ABOUT THIS EXERCISE
Everything from the line with "绿色的毛毡圣诞树的一部分，上" down to the line with "Η κουζίνα ή" below must be printed exactly, those two lines included. Exclude pictures.

━━━━━ SUPPLIED ENTRIES ━━━━━

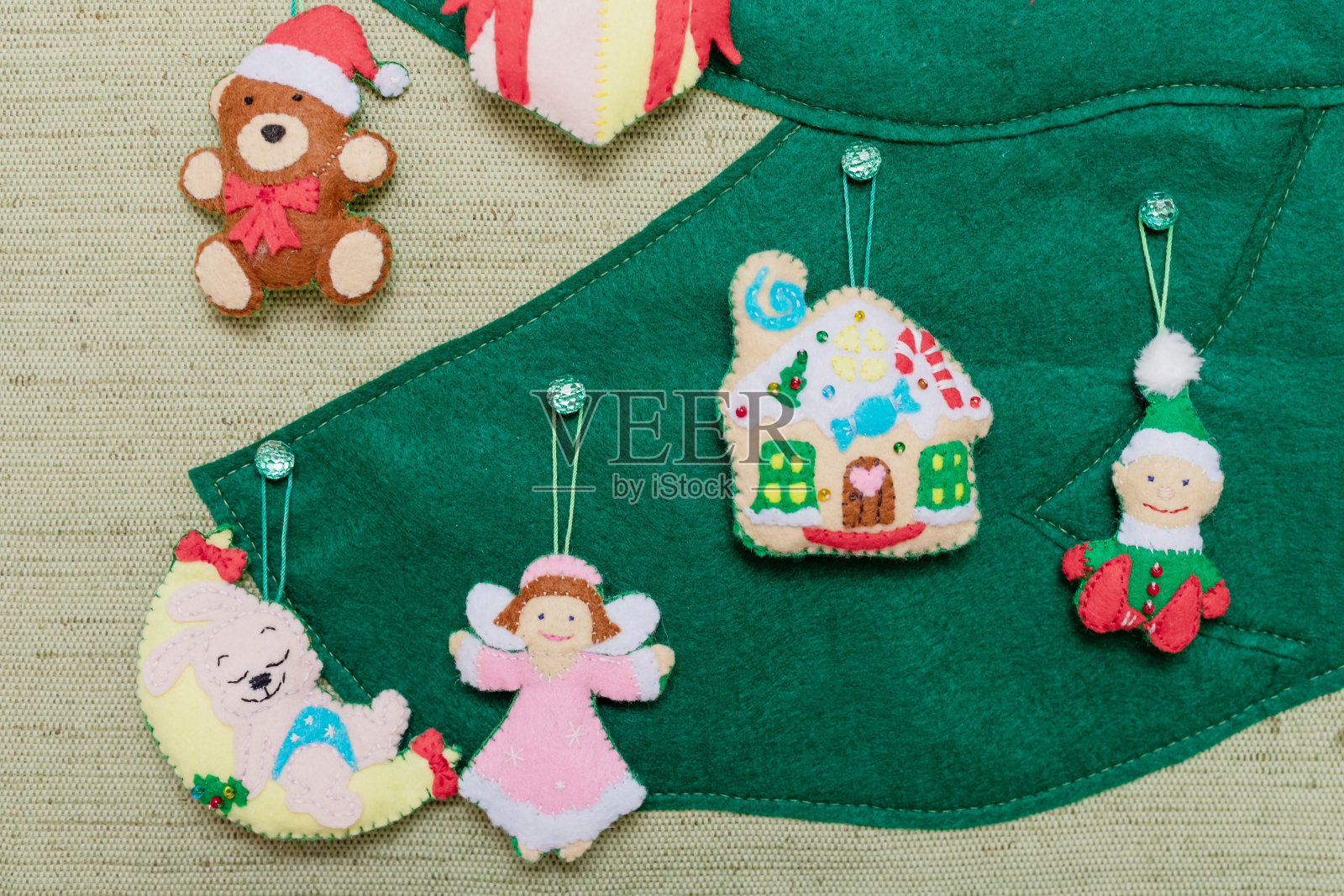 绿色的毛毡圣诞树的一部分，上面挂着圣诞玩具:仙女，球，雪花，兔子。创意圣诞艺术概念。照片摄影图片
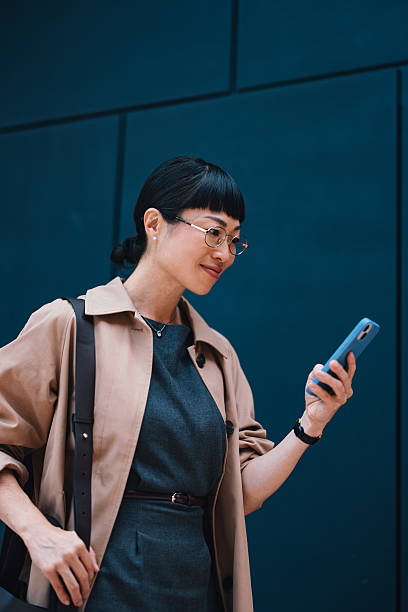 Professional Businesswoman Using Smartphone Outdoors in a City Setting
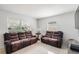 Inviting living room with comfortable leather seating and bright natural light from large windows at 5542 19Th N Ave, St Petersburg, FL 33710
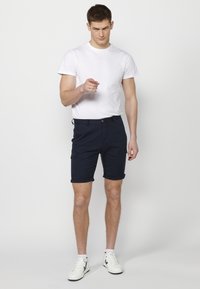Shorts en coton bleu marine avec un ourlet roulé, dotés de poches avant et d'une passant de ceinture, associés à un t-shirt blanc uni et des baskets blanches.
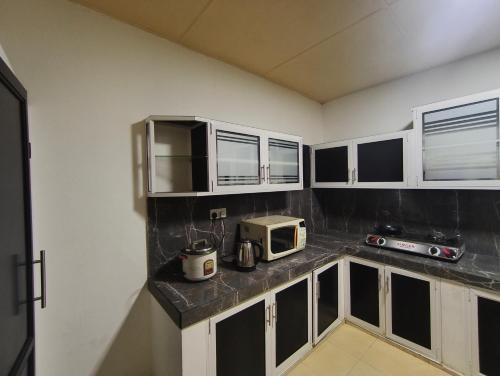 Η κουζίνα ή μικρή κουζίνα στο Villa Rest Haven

━━━━━
━━━━━ SUPPLIED ENTRIES ━━━━━

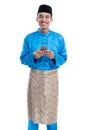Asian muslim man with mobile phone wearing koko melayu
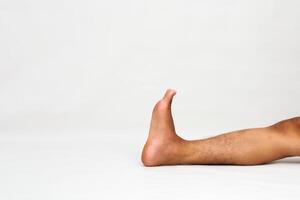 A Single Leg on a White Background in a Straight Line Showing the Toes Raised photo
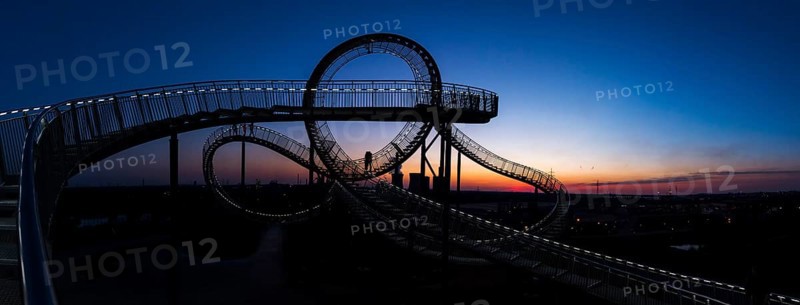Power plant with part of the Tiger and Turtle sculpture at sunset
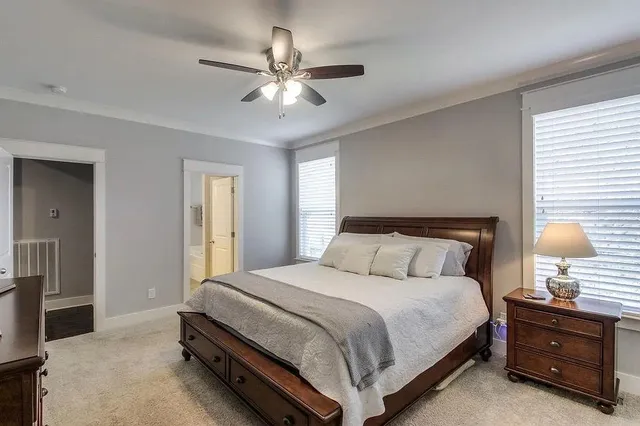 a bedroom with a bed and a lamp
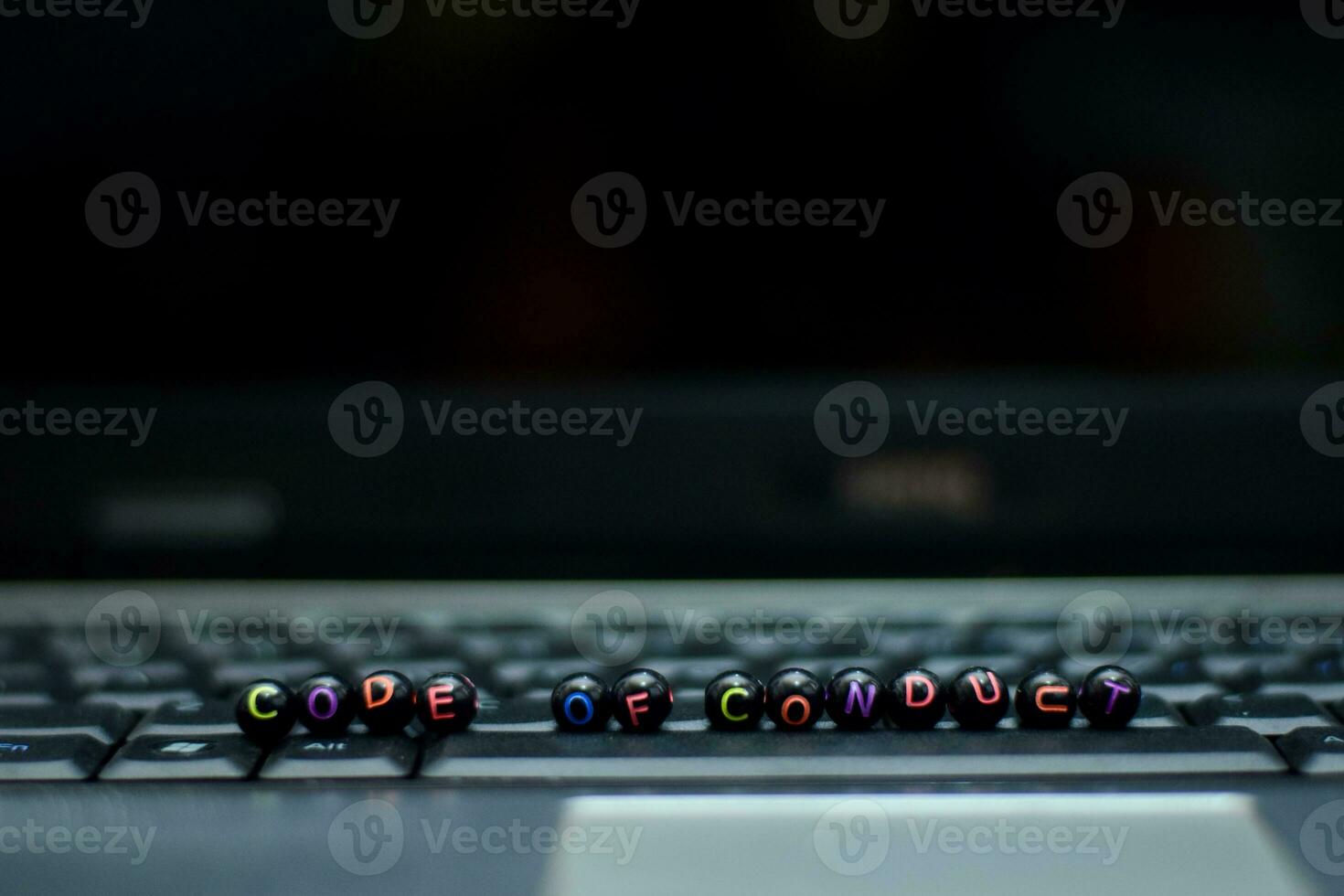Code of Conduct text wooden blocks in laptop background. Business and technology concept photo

━━━━━

TASK OUTPUT
 绿色的毛毡圣诞树的一部分，上面挂着圣诞玩具:仙女，球，雪花，兔子。创意圣诞艺术概念。照片摄影图片
 Professional Businesswoman Using Smartphone Outdoors in a City Setting
 Inviting living room with comfortable leather seating and bright natural light from large windows at 5542 19Th N Ave, St Petersburg, FL 33710
Shorts en coton bleu marine avec un ourlet roulé, dotés de poches avant et d'une passant de ceinture, associés à un t-shirt blanc uni et des baskets blanches.
 Η κουζίνα ή μικρή κουζίνα στο Villa Rest Haven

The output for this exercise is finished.